3. What are the electoral college splits in those maps? Ok, the third one is easy (538 – 0 or maybe 535 – 0 since you didn't include Alaska and I'm pretty sure that Hawaii goes to Obama in all three scenarios)

And the result for Kansas doesn't make any sense to me. Obama lost Kansas. So, if your figures are correct, he lost rich people by such a wide margin that overwhelmed his win among middle and lower class voters.

4. Ugly r code is better than no r code. Those of us with less programming chops would likely benefit from seeing it.

5. Peter: See the 538 post for info on the income categories.

Tim, William: Here are the estimates for McCain's share of the 2-party vote in Kansas for each of the 5 income categories:

0.37 0.45 0.49 0.54 0.57

And here are the number of survey respondents in each category:

35 75 75 80 14

I agree that this doesn't quite work out. This might have something to do with the survey weighting. I'll take a look.

Thanks for the beta-testing! The funny thing is, I did look at a few states to make sure they all made sense, but I hadn't checked Kansas. McCain got 57% of the vote there, so I did something wrong…!
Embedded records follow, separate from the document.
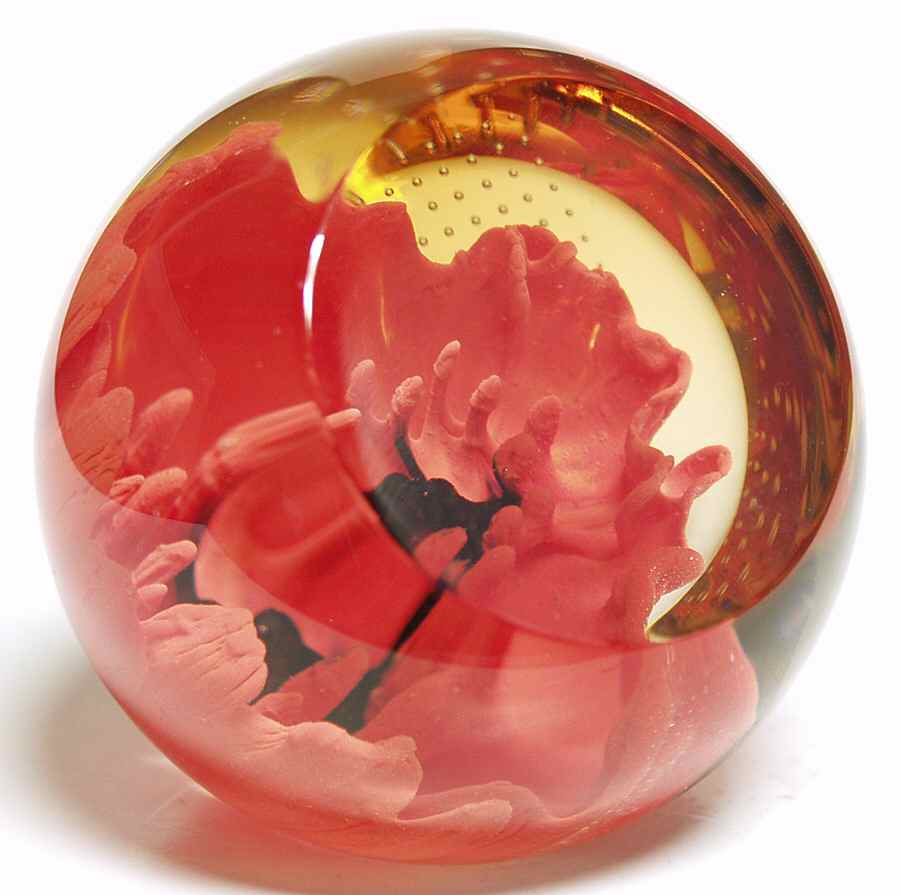 Caithness Paperweight Floral Charms: Red Poppy - Boxed by Caithness-1
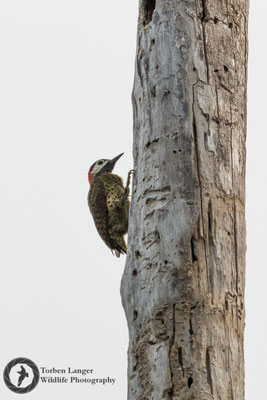 Colaptes punctigula / Spot-breasted Woodpecker / Tüpfelbrustspecht ♀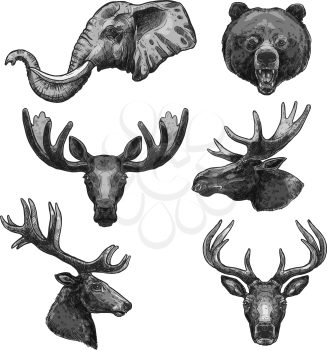 Wild animals heads sketch icons. Vector set of elephant tusks, grizzly bear or forest elk antlers and deer or reindeer for African safari zoo park welcome poster or wildlife nature protection design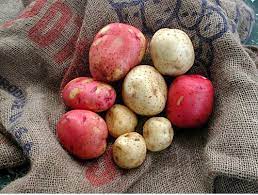 Yukon gold potatoes are best suited for cooked applications such as roasting, grilling, frying, mashing, sautéing, and boiling. Hs933 Hs183 Growing Potatoes In The Florida Home Garden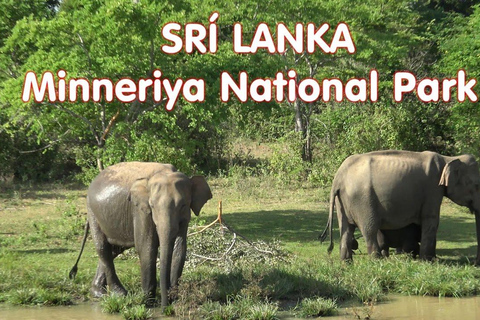 Sri Lanka: 15-Day Grand Tour With Vacation Time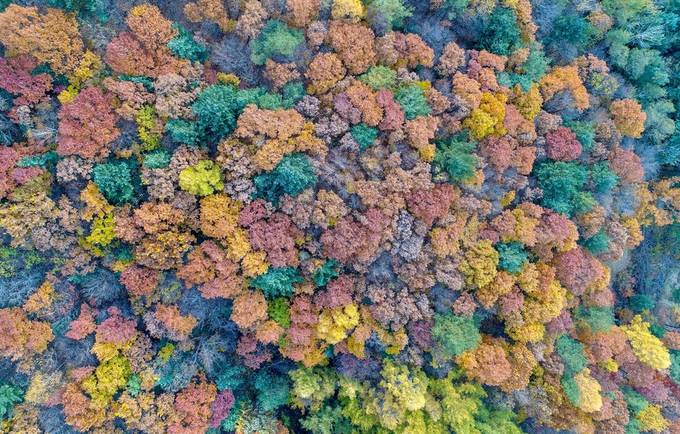 강원도 평창 진부면의 가을풍경(김진수 기자, 한겨레21, 2018.10.29). 강원도 평창 진부면의 가을풍경(김진수 기자, 한겨레21, 2018.10.29).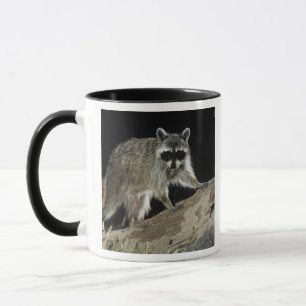 Caneca Guaxinim-comum, Procyon lotor
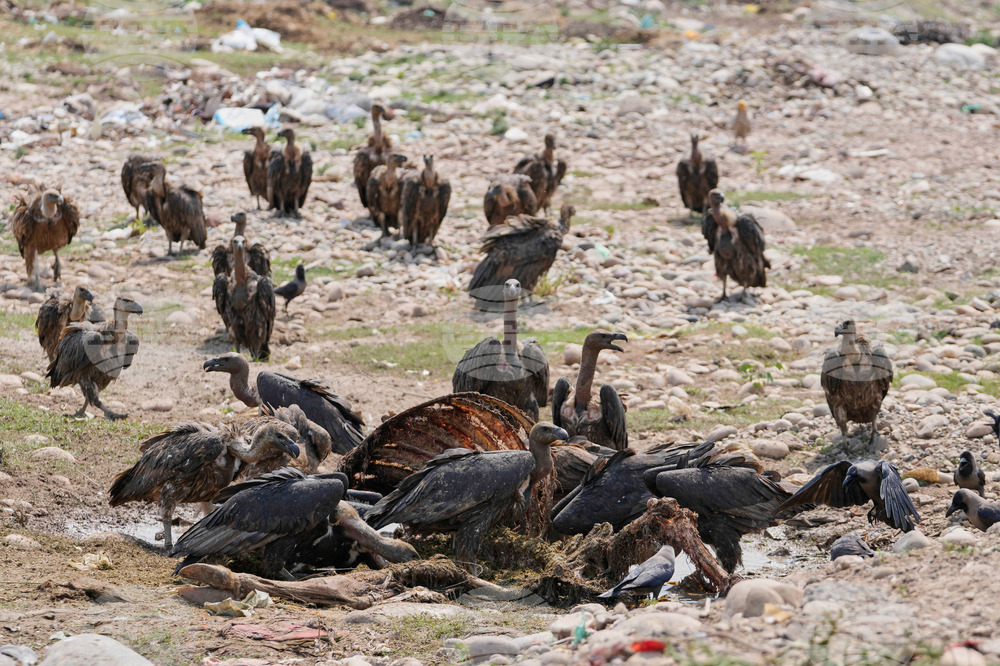 India Vultures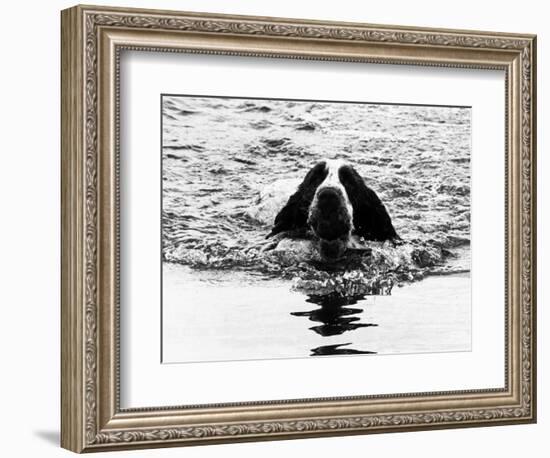 Skye the St. Bernard Dog Swimming-null-Framed Photographic Print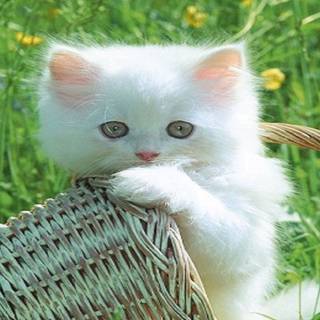 Cats and kittens wallpaper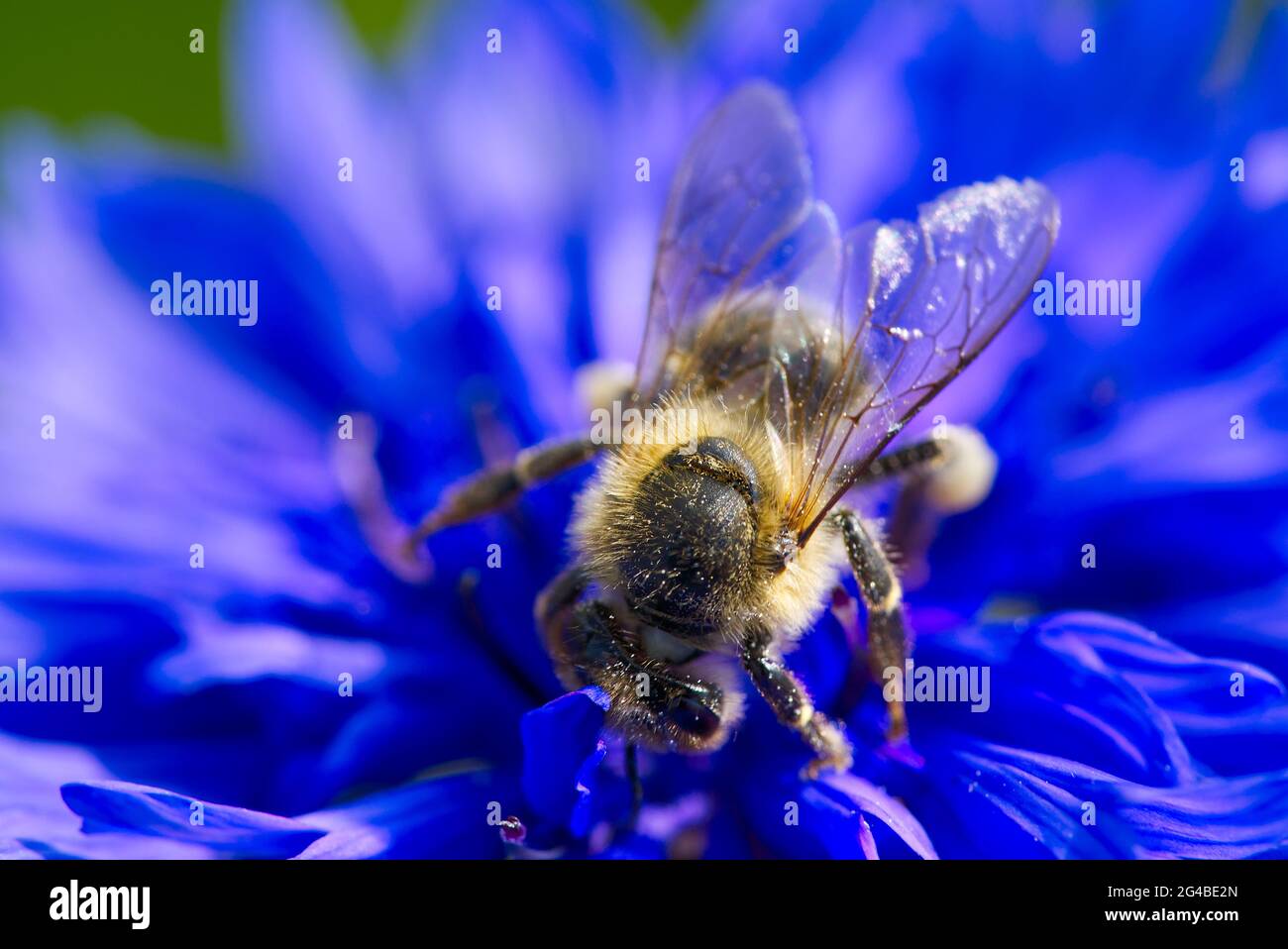 Bee collects pollen from a cornflower. blue cornflower with bee, close up on natural background Stock Photo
6. Hey, sorry about Kansas! The comments here and at the other blog served as useful beta-testing and led me back to my code to fix that. It turns out that I'd presented the unadjusted numbers. Once adjusted for the actual election outcome, you see the new maps above. I don't really know what to say about New Mexico, but there is such a thing as sampling variability!

7. Cool! thanks for the post… would be interesting to see how many new poor voters voted this time in comparison with the previous election… is it true that in this election many new poor voters decided to vote? I guess that's a hard number to estimate though.. would it be possible to estimate that number? With these kind of estimates we would be able to test the hypothesis that the electoral pool has changed and that Obama is far more popular than any other recent president (in terms of bringing more masses to the picture)…
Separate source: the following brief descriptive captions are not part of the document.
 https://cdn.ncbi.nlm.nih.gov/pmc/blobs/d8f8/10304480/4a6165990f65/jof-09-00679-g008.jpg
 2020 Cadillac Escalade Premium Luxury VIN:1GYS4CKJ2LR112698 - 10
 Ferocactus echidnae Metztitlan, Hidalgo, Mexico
8. Could race be a confounding variable here? It would be interesting to see how poor whites voted compared to how poor blacks did.

9. Good work! It's great to see you doing election analysis again.

Any chance you could shade by either probability that Obama was ahead in each of the categories, or by estimated margin?

The math wouldn't be too hard, though maybe, the graphics might be.

If not, even a spreadsheet of results and regression standard errors would be fun.

10. OI think you might find that the people that emigrated to NM from the East have a higher proportion of Blue State population than AZ has gotten. Just a guess based on the few people I know that moved to the southwest. NM is a lot more attractive to the liberal leaning people I have known for several disparate reasons.

11. New Mexico is potentially explained by the overwhelming number of Hispanics in the "wealthy" categories, coupled with the unusually high percentage of Hispanics in the voting population as a whole. I suspect if you cross-correlate for racial factors as well as income, New Mexico becomes much more reasonable.

Also, what was the sample size for NM? It may just be noise.

12. I'd be interested to see the data adjusted for some cost-of-living index. A household earning \$150K in Mississippi is in a different social category than a household earning \$150K in California or New York.

And, yeah, I'd be interested in the electoral count among the affluent. I can't tell who would win.

13. I'd really like to see cost-of-living adjustments as well. I live in fort lauderdale, fl the worst major city in America if you compare average income to cost-of-living.

14. Andrew,
Thanks for the interesting data. I know there are some kinks in it and some relativism that still needs to be worked through, but I was hoping that you can (whenever you are satisfied with your modeling) provide the type of detail for all states that you showed for Kansas above.

Something on the order of:

State, Tier 1, Tier 2, Tier 3, Tier 4, Tier 5
Kansas, 37%, 45%, 49%, 54%, 57%
(pct) (30%), (20%), (20%), (25%), (5%)

With the bottom (pct) representing the % of the population represented in each income category.

Final note to those who asked: mid-income voters, had their votes been the only ones counted in '08, would have still elected Obama with 290 electoral votes. Rich voters would have elected McCain, 311-227.